Les viols sont légion et les coupables sont rarement poursuivis. La vulnérabilité économique des femmes les laissaient souvent au piège de relations abusives, menant à des taux records d’auto-immolation.

Le magazine Time de décembre 2018 décrit l’Afghanistan comme étant toujours le pire endroit au monde pour les femmes. 

Une diplomate afghane interviewée par la publication dit que « soutenir les femmes en Afghanistan est une chose que tout le monde fait verbalement, mais elles ne voient jamais l’argent et les aides. L’argent est mangé par la corruption et le monstre de la guerre. »

Les engagements de façade pour les droits des femmes ont rendu le régime légitime aux yeux de ses soutiens internationaux, mais pas aux yeux des femmes afghanes.

À la fin du 19e siècle, les colons européens justifiaient l’impérialisme en prétendant que l’Occident était supérieur, moderne et progressiste alors que l’Orient était inférieur et arriéré.

La Grande-Bretagne envahit et occupa l’Égypte à partir de 1882 pour s’assurer le contrôle du canal de Suez. Le commandant de l’opération militaire, Lord Cromer, prétendit libérer les femmes de la « dégradation » qu’était l’Islam. Il affirma que les Egyptiens devaient être « persuadés ou forcés de s’imbiber de l’esprit de la civilisation occidentale ».

Pourtant, Lord Cromer était membre fondateur et président de la « Ligue nationale contre le suffrage féminin ».
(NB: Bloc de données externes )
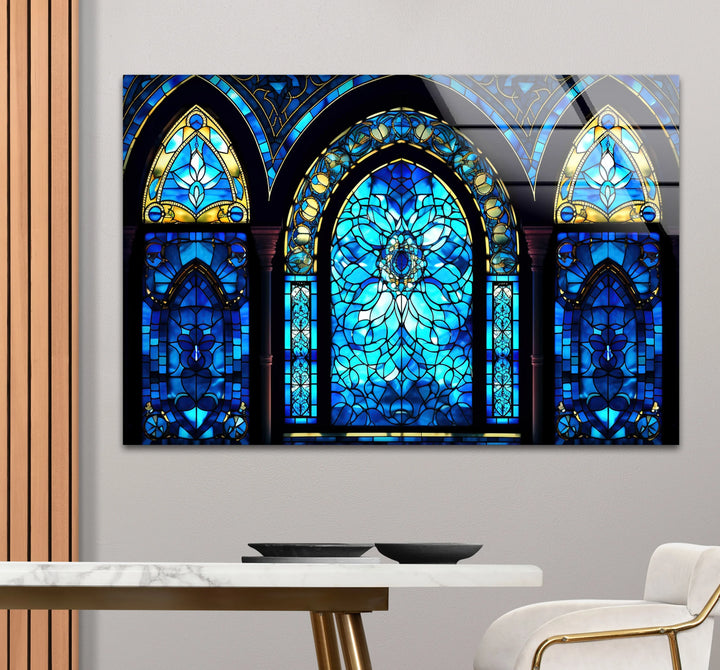 Gothic Blue Stained Glass Wall Art – Elegant Arched Window Design, Vintage Cathedral-Inspired Home Decor - MyPhotoStation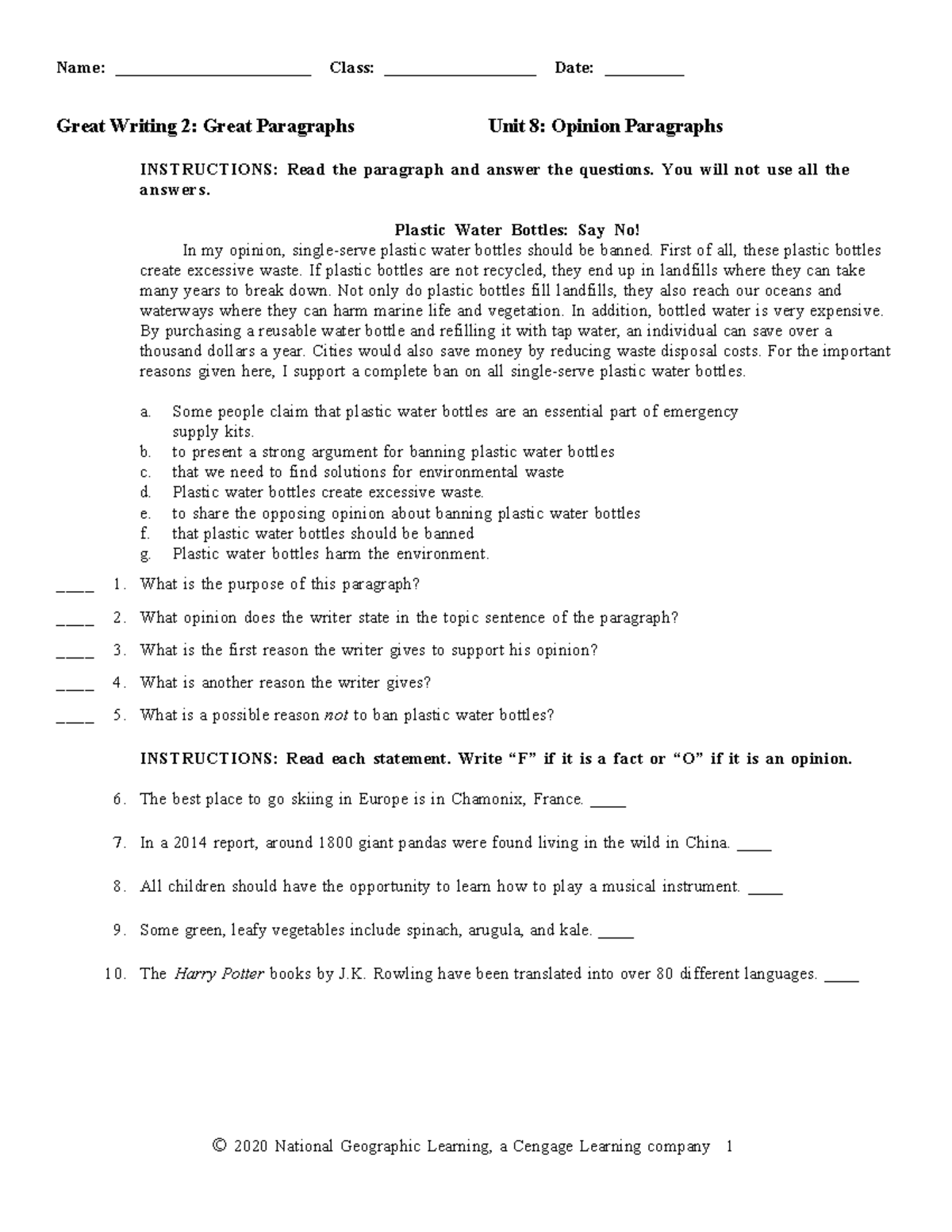 Great Writing 2: Unit 8 Opinion Paragraphs Exam - Studocu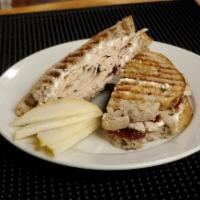 Turkey Cranberry Sandwich - Grilled · Blue heron apricot walnut sourdough, cream cheese, Havarti cheese, cranberry jam and peppere...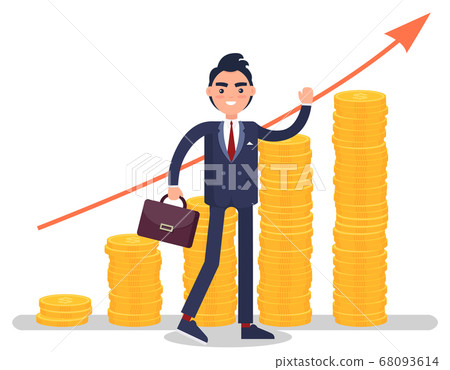Businessman with Briefcase and Graph Growth Vector 68093614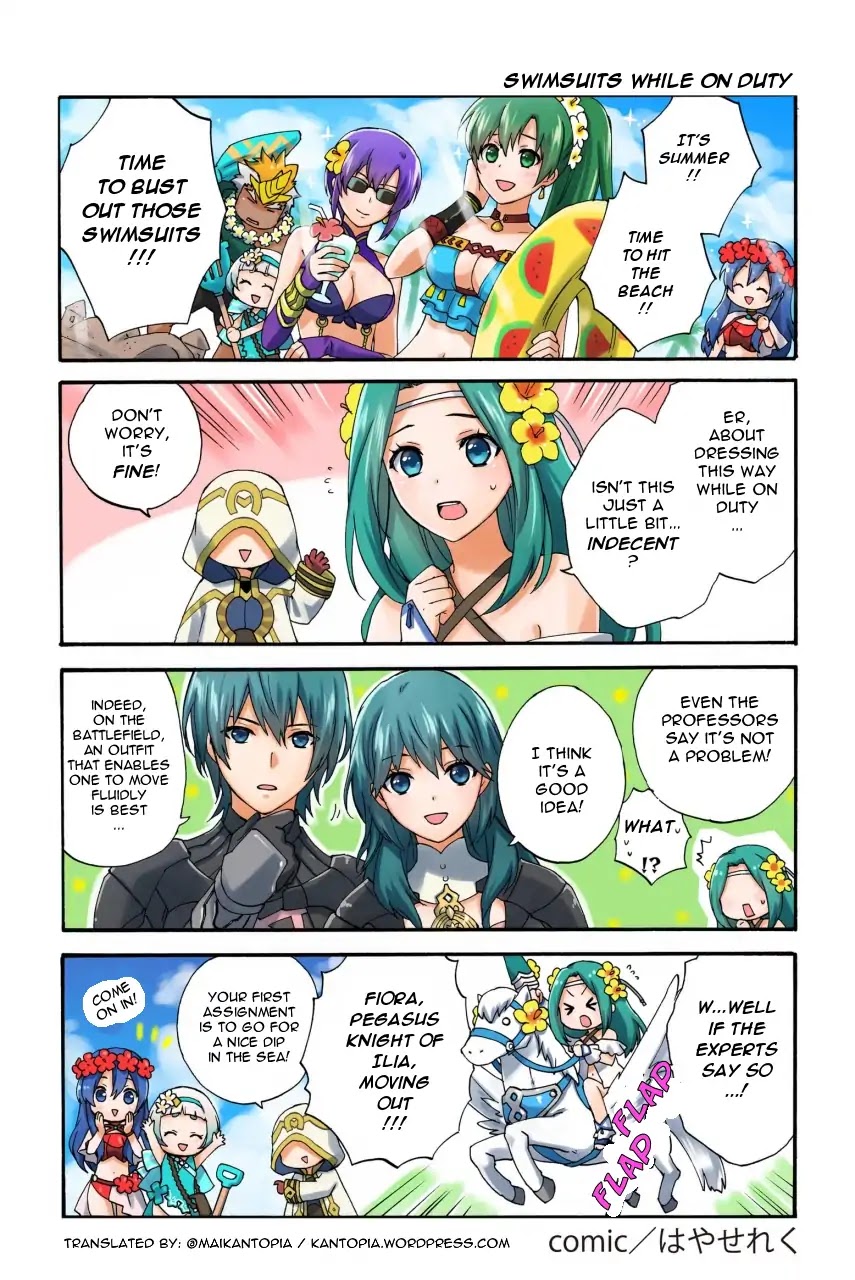 Fire Emblem Heroes Daily Lives of the Heroes Chapter 94 page 1 - Chapter 94: Swimsuits while on duty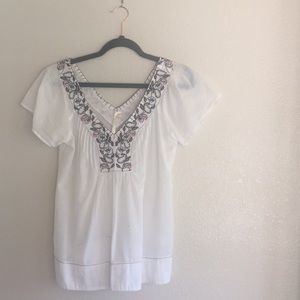 Beaded and embroidered peasants top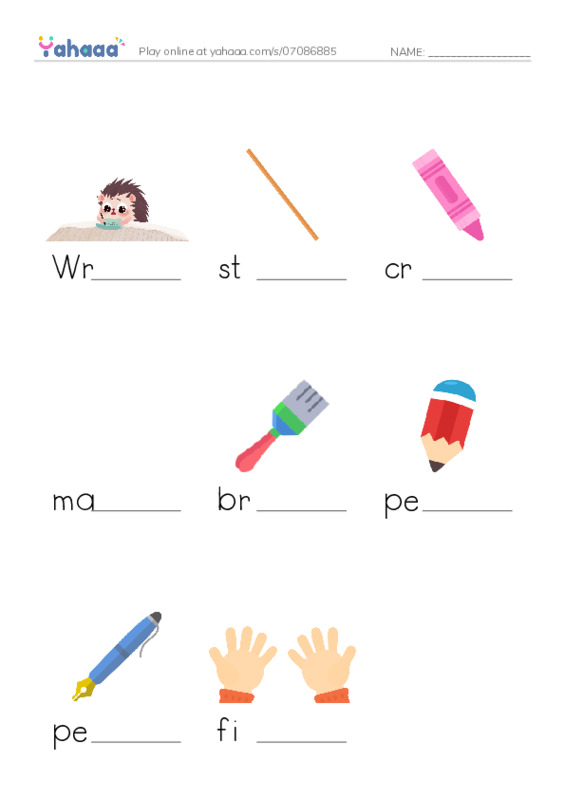 Finish the word worksheet for WRITE RAZ KIDS A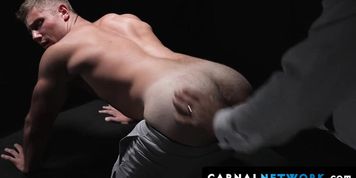 The blond boy Clayton Foster moaned loudly at his masters thrusts in and out of his hole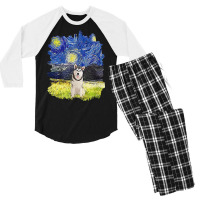 Starry Night Impressionist   Dog Art Alaskan Malamute T Shirt Men's 3/4 Sleeve Pajama Set | Artistshot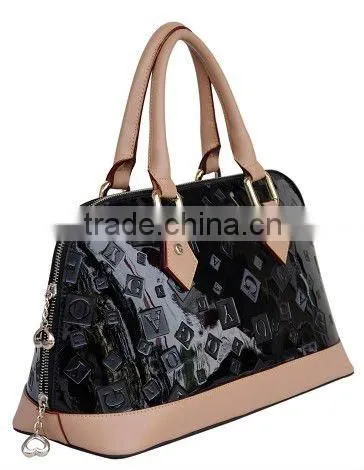 2012 NEWEST and Fashion lady Black PU handbags in name brand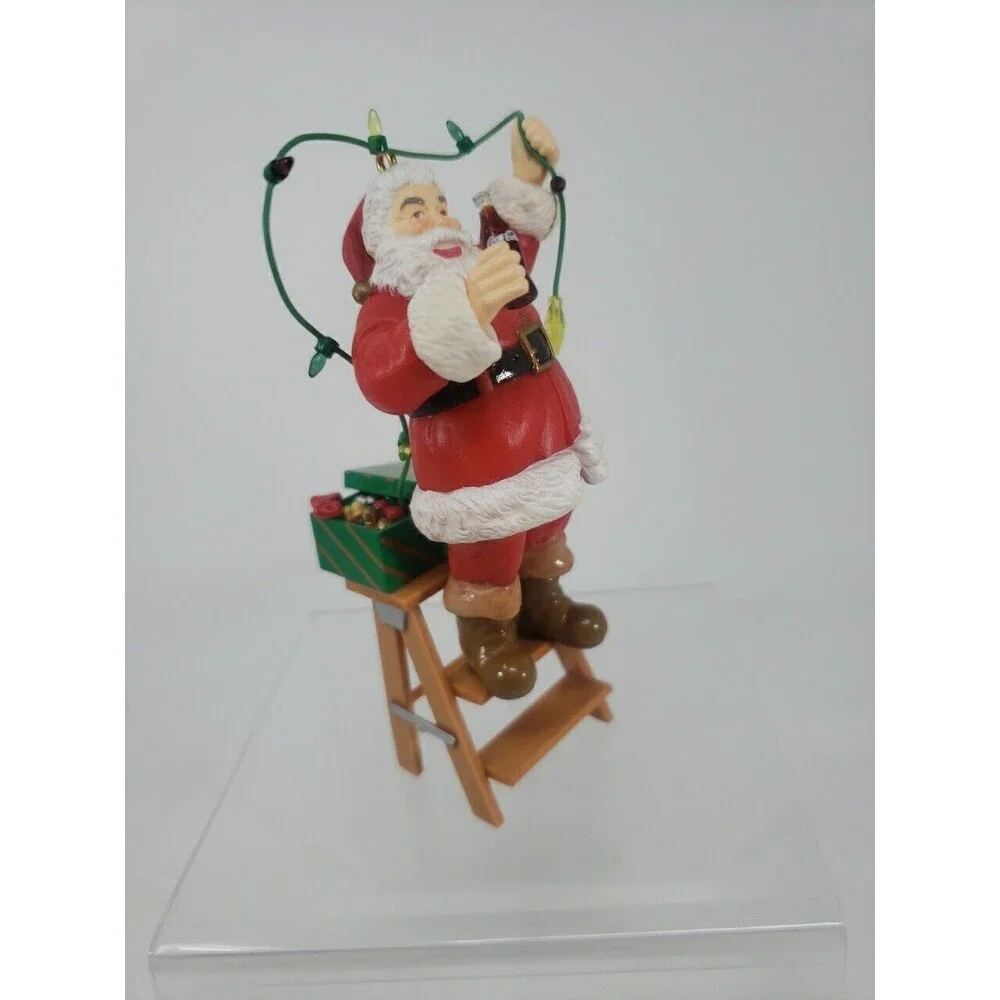 Coca Cola Trim A Tree Collection 1965 Santa Decorating Lights Ornament 1993 VTG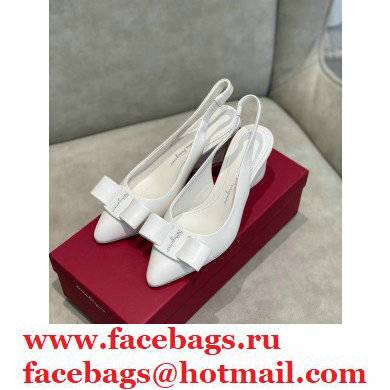 Ferragamo Heel 5.5cm Viva Slingbacks White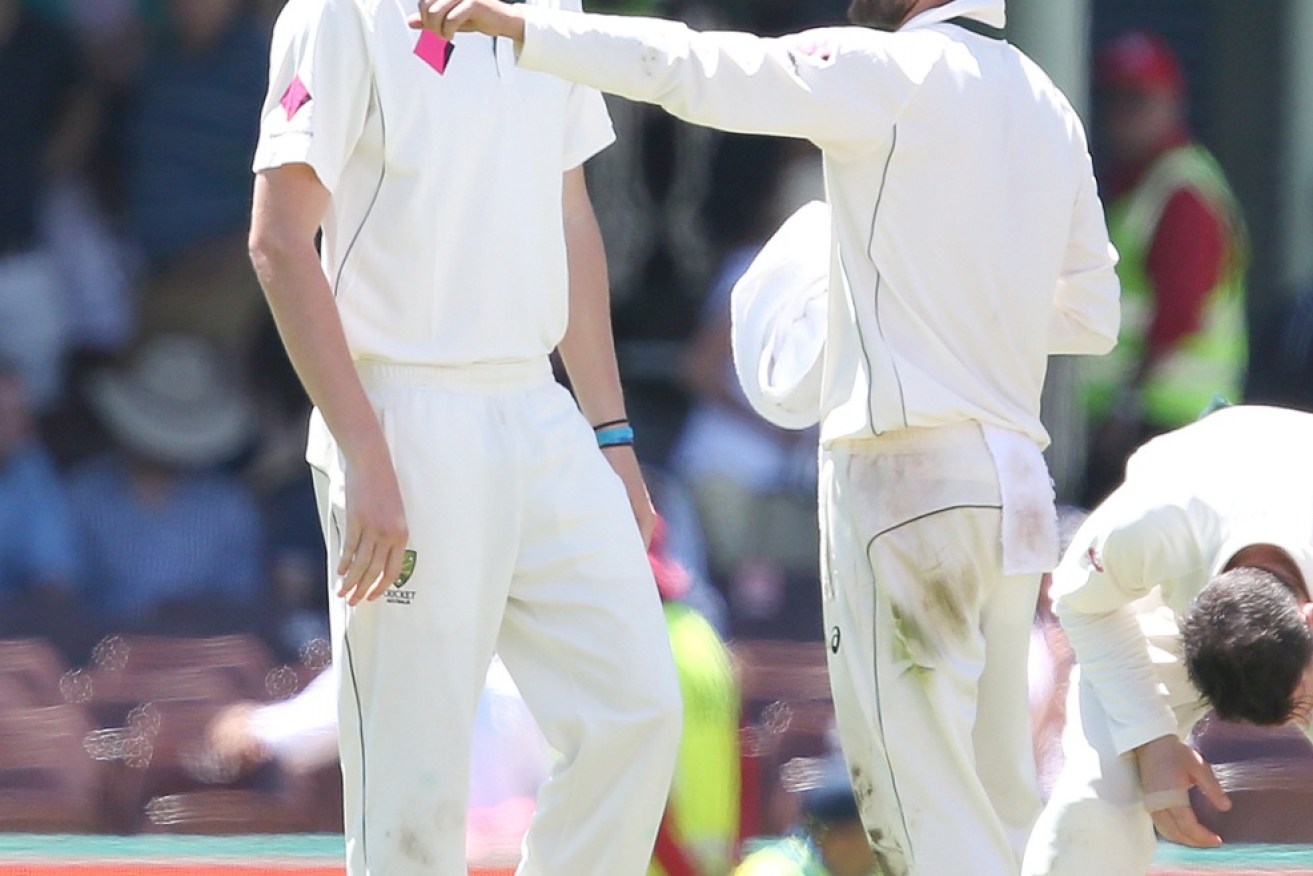From one cult hero to another, sub fielder Mickey Edwards gets advice from Nathan Lyon.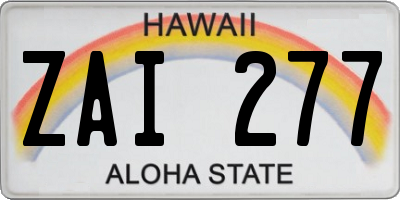 HI license plate ZAI277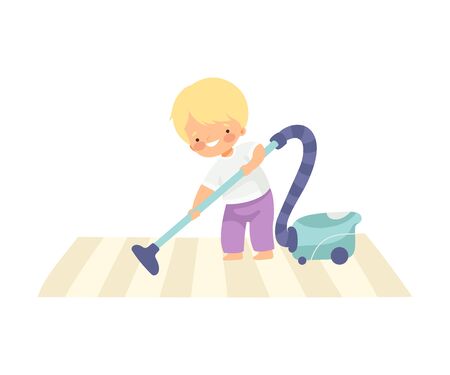 Cute Boy Vacuuming Carpet, Adorable Kid Doing Housework Chores at Home Vector Illustration on White Background.のイラスト素材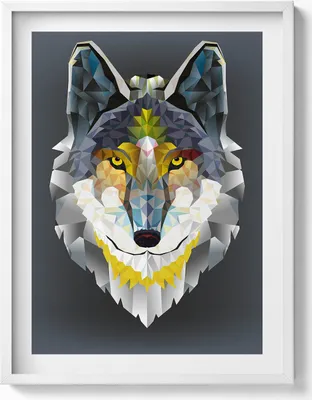 Produktbild von Wolfskopf– Wandbild mit Rahmen – Gerahmtes Bild  – Wanddekoration – 60x80 cm –  Weiß Rahmen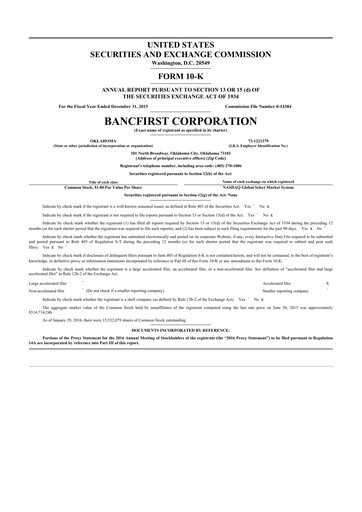 Miniature BancFirst 10-K Rapport annuel 2015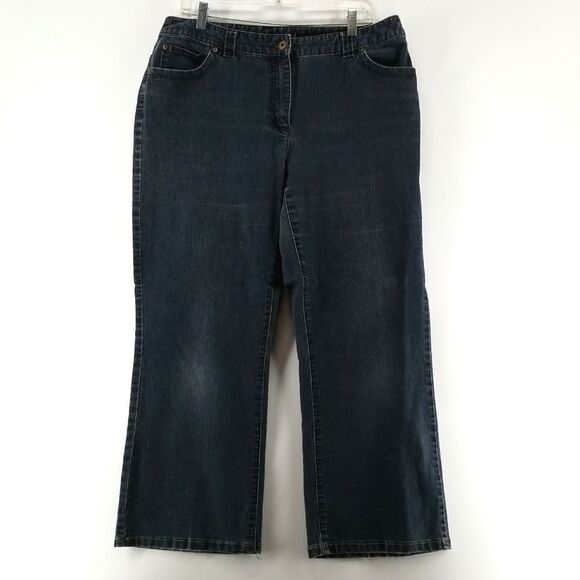 🎁5/$25 Contrast Jeans Womens Size 15 Blue Denim Front Zip 5 Pocket Boot Cut - Picture 1 of 10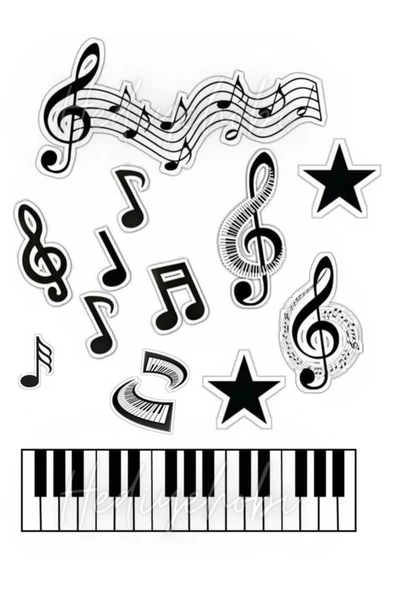 hediyehobihersey Notalar Müzik Resimli Yenilebilir Pasta Üstü Şeker Kağıdı Baskısı, Yenilebilir Baskı ürün görseli 1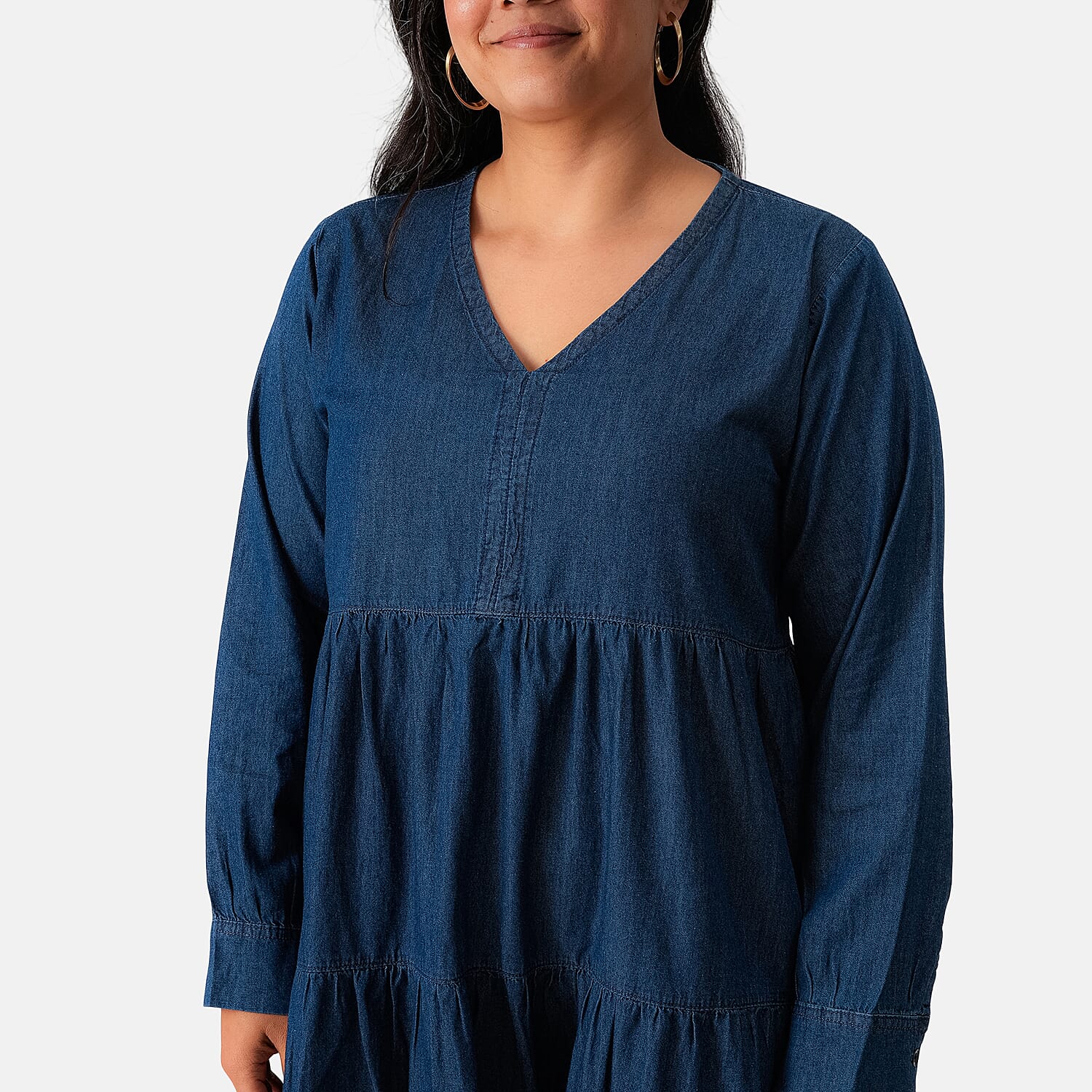 La Marey Dark Blue Cotton Denim Flattering Dress - One Size Plus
Même certaines féministes britanniques ont fait écho aux idées de supériorité culturelle et raciale en soutien de l’empire britannique. Les suffragettes Emmeline et Christabel Pankhurst ont suspendu leur campagne militante pour le suffrage féminin afin de soutenir la première guerre mondiale.

Emmeline déclara « certains parlent de l’empire et de l’impérialisme comme des choses qu’il faudrait renier et dont il faudrait avoir honte. C’est un honneur que d’être les héritières d’un empire comme le nôtre, immense par ses territoires et ses richesses ».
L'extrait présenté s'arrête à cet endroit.